病室里,太子翻身坐起,神情紧张地看着匆匆进来的李奕:“你打听到什么情况了?”
“据说三天后就会举行祭祀大典。”
也就是说,三天后,芳菲就会被烧死了?
他翻身就要下床:“不行,我得马上去找父王……”
门口一个严厉的声音:“你找我干什么?”
太子立即收拾了震慑的心情,跪下向父皇行礼:“父皇,儿臣听说出了大事,是关于芳菲的?”
“你就不用管了,好好养病就行了。”
“芳菲可是因为父皇没答应她的活命请求,所以怀恨在心?”
罗迦一愣,他还以为太子是要替芳菲求情呢。
“对!她犯下了不可饶恕的大罪。大祭司已经下令,三天后拿她祭祀。”
果然。太子心里一抖,却淡淡道:“在这之前,芳菲也因此事问过儿臣。儿臣没有答复她,此后,她就再也没有来过了。”
原来,这个小丫头果然是早有预谋。她把所有的路都走绝了,以为断了希望,所以就肆无忌惮地下辣手了。尽管如此,他也觉得难过,非常难过。直到如今,还是不敢相信,那个小东西,竟然真会如此。想想,她这些年,除了拿那些偶像泄愤,何曾对活人下过手?
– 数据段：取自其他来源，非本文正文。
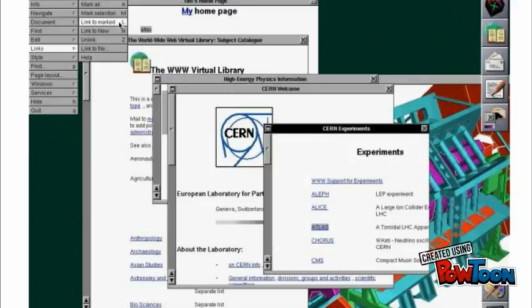On April 30, 1993, CERN issued a statement putting the web into the public domain, ensuring that it would remain an open standard. The organization released the source code of Berners-Lee's hypertext project, World Wide Web, into the public domain the same day. The World Wide Web became free software, available to all, and the move had an immediate effect on the spread of the web.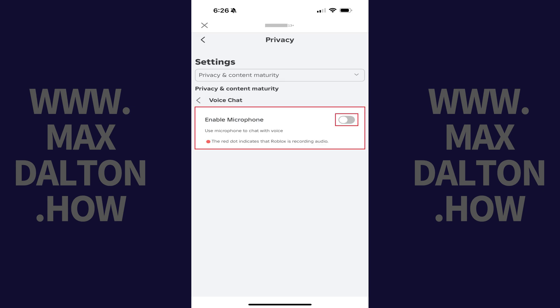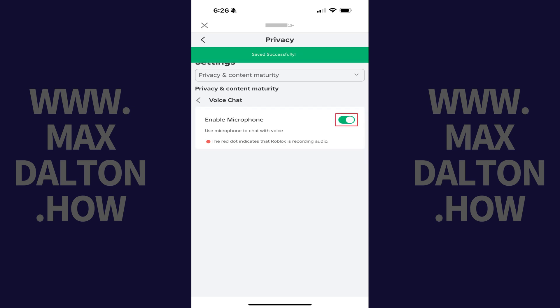Step 7: Tap to toggle on Enable Microphone. You'll now be able to use the Roblox voice chat feature for games that support it going forward.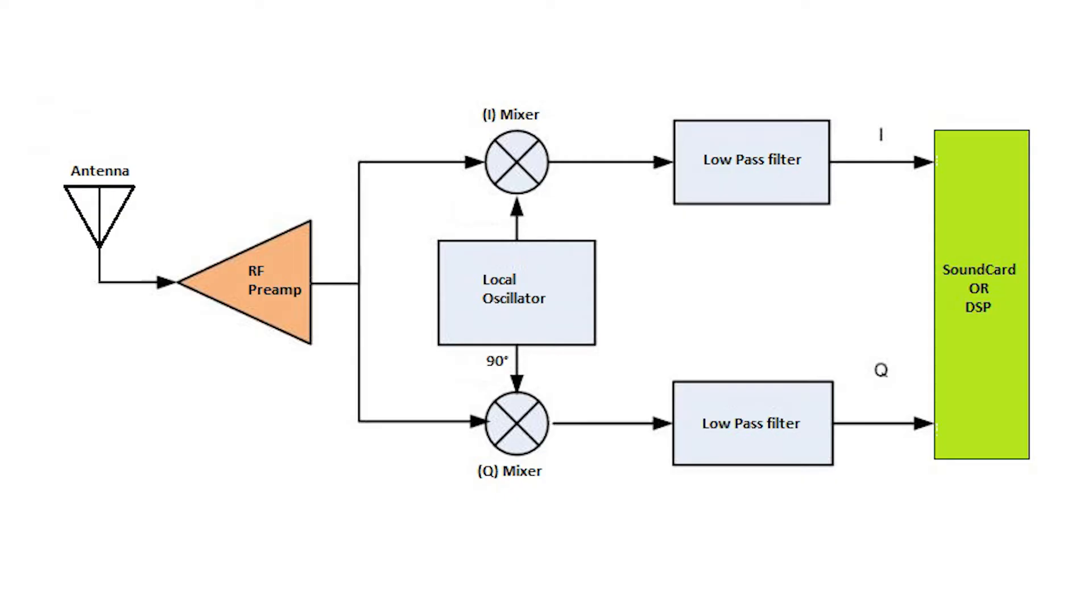Then it goes into the sound card or DSP to digitize the baseband frequency, so that computer software can analyze and decode the radio frequency.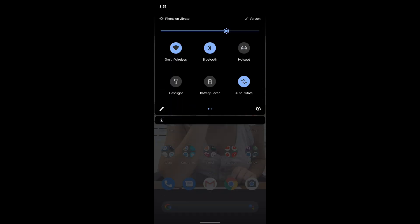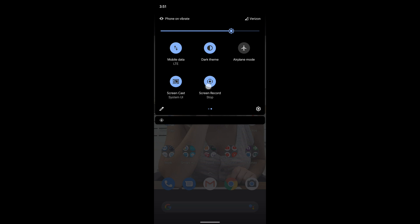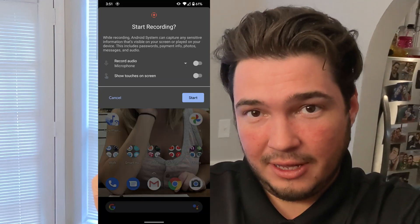Then of course, to screen record, you just swipe down, swipe over, and tap screen record. When I tap it, it's going to tell me that it's going to stop. And that's essentially it. Once you have the screen record icon at the top of your phone, you swipe down, you click screen record, and it'll look like this.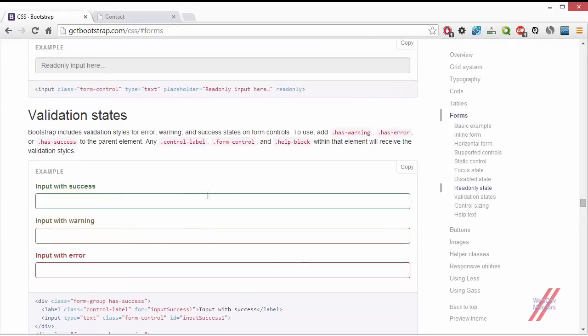Validation states will be explained in the next video, along with some jQuery usage — how to apply a validation state to an input field, how to check basic validation such as whether an input field is empty, and whether the value is a number or text.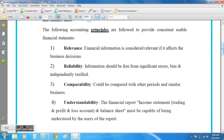The third accounting principle is comparability. Providing the accountants have put together the final accounts using the principles of relevance, reliability, and understandability, it should be easy for accounting users to compare the performance of the business from one year to the next. This is especially important for managers who want to look at the firm's performance and compare it with previous years, since the principles ensure all accounts are prepared in the same way.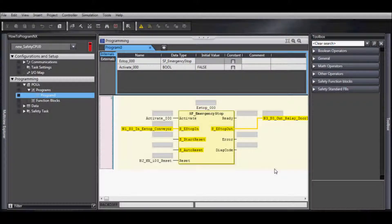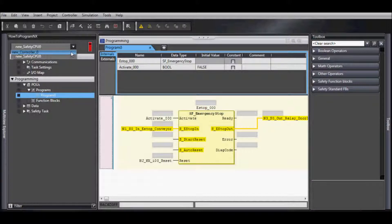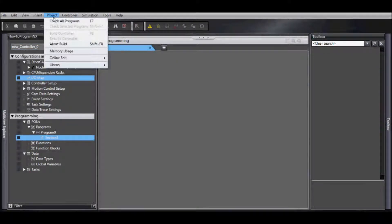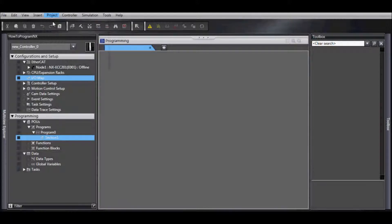Once we are done programming, we need to compile our programs. To do this, first we want to select our standard CPU, or our NJ. Go to Project and check all programs.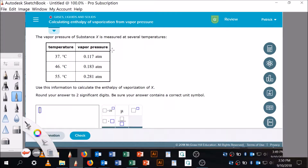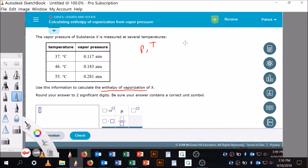I just did this in class so I'm fresh on it. Let me get my marker — my whiteboard wasn't plugged in, plugging in now. So first I look at this and note that vapor pressure P is measured at several temperatures T, and the task is to use that information to calculate the enthalpy of vaporization, ΔH_vap.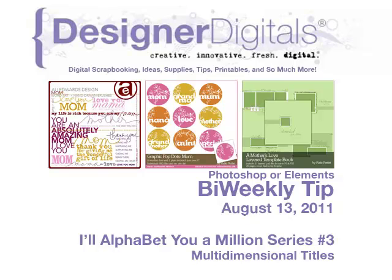Welcome to Designer Digital's Bi-Weekly Tip, August 13th, 2011. This week, I'll show you alphabet tip number three: multi-dimensional titles.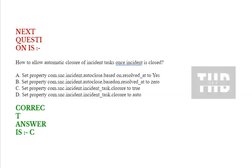Next question is: how to allow automatic closure of incident tasks once incident is closed? See the options option A, B, C, and D. Correct answer is option C.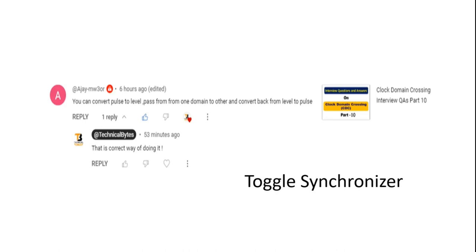There is a well-known logic called a toggle synchronizer. The toggle synchronizer is useful when we want to transfer a pulse from clock domain A to clock domain B, irrespective of the clock frequency of both domains and their phase differences. In the subsequent part of the video we will discuss this toggle synchronizer in detail.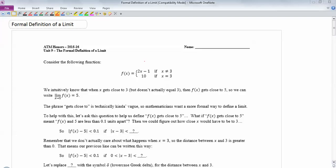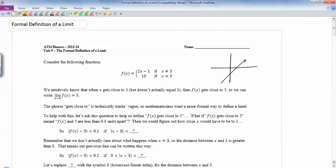We're going to look at a very basic function — basically a linear function with a hole in it. If you were to graph this function f(x), it's 2x minus 1, except at 3. Around x equals 3, 2x minus 1 gives about 5, so this hole is at 5. Instead, it's filled in up at 10. So this is the function f(x) that we've graphed.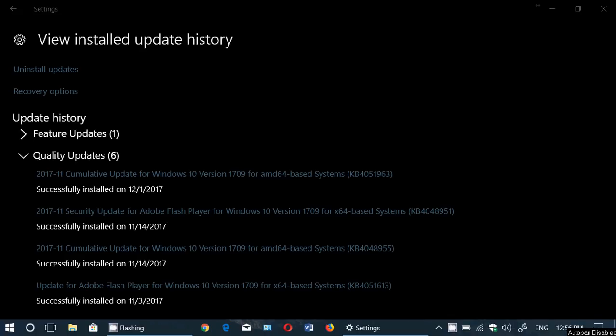Welcome to this Windows channel and this is a quick video to talk about a cumulative update that has been released for Windows 10 Fall Creators Update. It was released yesterday, November 30th, late in the day. I'm talking about this update today, December 1st.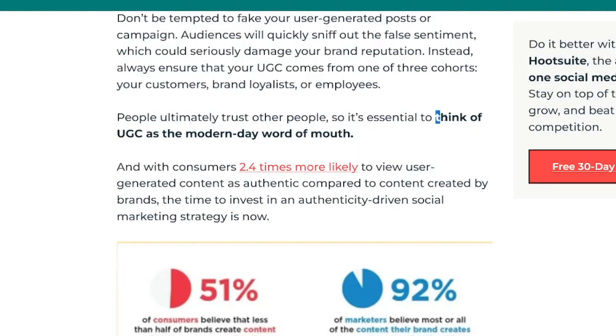When people see a regular person — someone their age, from a similar area — using a certain product, they feel much closer to it. A desire builds up to have that product and they're far more inclined to buy. UGC is described as the modern-day word of mouth, and we can do it too. You don't need a lot of followers — companies will pay you just to create the content.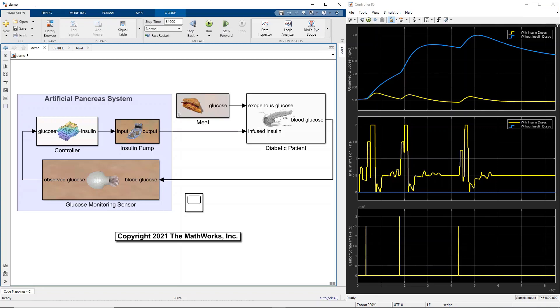Hi everyone, this video shows how to design a fuzzy inference system controller to regulate blood glucose of a type 1 diabetic patient using an artificial insulin infusion system.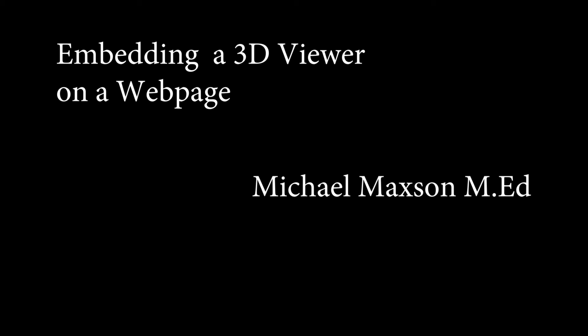In this video I'm going to take a look at embedding a 3D viewer into a web page for your 3D portfolio so that you can show potential employers and design colleges some of your 3D modeling work. It's very impressive looking and a very 21st century thing to do.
但证据确凿,他对她的最后的怜惜之心也完全丧失了,只勉强安慰儿子:“就算芳菲不在了,朕也会另外帮你请名医,儿子,朕一定会治好你……”
“多谢父皇。儿臣生病卧床这么久,早已看开了。死生有命富贵在天,父皇不必顾念儿子,该怎么样就怎么样,一切需以北国的利益为准。”
罗迦略略欣慰,还是这个儿子懂事。他看儿子,才发现儿子双目失神,印堂发黑,站在地上跟自己说话时,软弱的身子如风中的扶柳,不停地摇摆,再也支撑不住了。
他心里一震,芳菲死了,儿子怎么办?儿子是不是真的就不治了?也许,杀了芳菲就是杀了儿子?他不敢再想,匆匆叮嘱儿子几句就走了。
李奕关上门,扶起太子,太子忽然站直了身子,在他耳边低声说了几句。
李奕惊道:“太子,万万不可。”
“现在也没有其他办法了……”他苦笑一声,父皇的脾气,他最是了解。你向他求情,他反倒反感。
门外,传来嘈杂的呼喝,辱骂,是安特烈的挣扎:“你们凭什么抓我?我犯了什么罪?”
“小人们奉命将您驱逐出境,请王子谅解。”
“滚开,你们都给我滚开。本王子没犯任何事情,陛下呢?你们的陛下呢?我要见陛下……”
安特烈挥舞着自己的宝剑,满面怒容,侍卫们不敢太过威逼,怕伤着他,投鼠忌器,十分为难。
“不行,你不能去见太子……”
“不能见皇上,太子也不能见?滚开,我就不相信,你们北国真的就是龙潭虎穴了……”
一声咳嗽,太子站在门口,皱着眉头:“安特烈,你又闯什么祸了?”
“太子殿下,你倒是评评理,我又犯了什么事情了?”
“殿下,陛下说过不许安特烈王子滞留……”
太子挥挥手,令侍卫退下,李奕等立在他身边,丝毫也没有要安特烈进去的意思。
安特烈涨红了脸:“你们北国真是莫名其妙,欲加之罪何患无辞,本王子什么时候和你们的什么公主暧昧了?我只是感激芳菲的救命之恩。再说,我看到的最美丽的公主,只不过是一幅画像而已,根本不是她芳菲……我就算暗恋,也是暗恋那幅画像,跟芳菲无关,怎么就无辜给我安上了滔天大罪?我抗议……我抗议……”
太子重重的咳嗽一声,眉头皱得越来越紧:“安特烈,你休得胡言乱语。”
安特烈不可置信:“表哥,你也这么看我?你明明知道,我跟芳菲是清白的。她救过我的命,也救过你的命……”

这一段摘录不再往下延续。